To bop or not to bop

It may not be in an idiom Ronnie Scott would recognise, but the future of British jazz has never sounded better.

Standing at the bar, smoking a cigarette, staring into space... Whether the venue was a hotel in Havana during the jazz festival he and his partner Pete King helped to organise there; in clubs, pubs and concert halls throughout Britain on tours with his quintet, or, most famously, at his own club in Soho, the late Ronnie Scott did a lot of staring into space. Caught in repose, his hawk-like profile wreathed in clouds of smoke, the contemplative moment provided by a fag break seemed to extend, on a chain of tobacco, into infinity.

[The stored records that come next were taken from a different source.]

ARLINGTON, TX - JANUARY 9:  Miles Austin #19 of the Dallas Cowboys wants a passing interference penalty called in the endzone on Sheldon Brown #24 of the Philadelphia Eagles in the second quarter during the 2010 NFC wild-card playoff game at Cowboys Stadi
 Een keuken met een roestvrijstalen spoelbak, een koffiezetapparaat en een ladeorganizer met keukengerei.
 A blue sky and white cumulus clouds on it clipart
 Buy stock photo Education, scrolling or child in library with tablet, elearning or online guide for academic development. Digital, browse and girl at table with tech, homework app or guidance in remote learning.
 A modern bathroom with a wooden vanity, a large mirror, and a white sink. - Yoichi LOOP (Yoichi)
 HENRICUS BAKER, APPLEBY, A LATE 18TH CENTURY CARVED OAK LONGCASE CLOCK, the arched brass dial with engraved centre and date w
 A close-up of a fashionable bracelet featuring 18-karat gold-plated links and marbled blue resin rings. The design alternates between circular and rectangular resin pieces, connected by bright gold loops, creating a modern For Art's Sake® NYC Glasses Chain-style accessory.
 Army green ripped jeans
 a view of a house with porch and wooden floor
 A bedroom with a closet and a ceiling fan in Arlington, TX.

It's tempting, however fanciful, to imagine that the space Scott was staring into was also something to do with the future of jazz, and his own place in it. A terrific tenor saxophonist in his prime, whose Jazz Couriers group with Tubby Hayes (who died in 1973) was the highpoint of British bop in the late Fifties, Scott nevertheless suffered from insecurity about the value of his playing, often refusing offers to sit in with the American stars he had booked to play at his club, who admired him unreservedly. Even the tetchy Charles Mingus gave praise: "Of all the white boys, Ronnie Scott gets closer to the negro blues feeling," he said in 1961. This, of course, was part of the problem. Jazz musicians of Scott's generation dedicated themselves to an idiom whose cultural roots lay largely in another continent and another racial identity, and they tended to measure their own art accordingly, becoming hypersensitive about their imagined shortcomings.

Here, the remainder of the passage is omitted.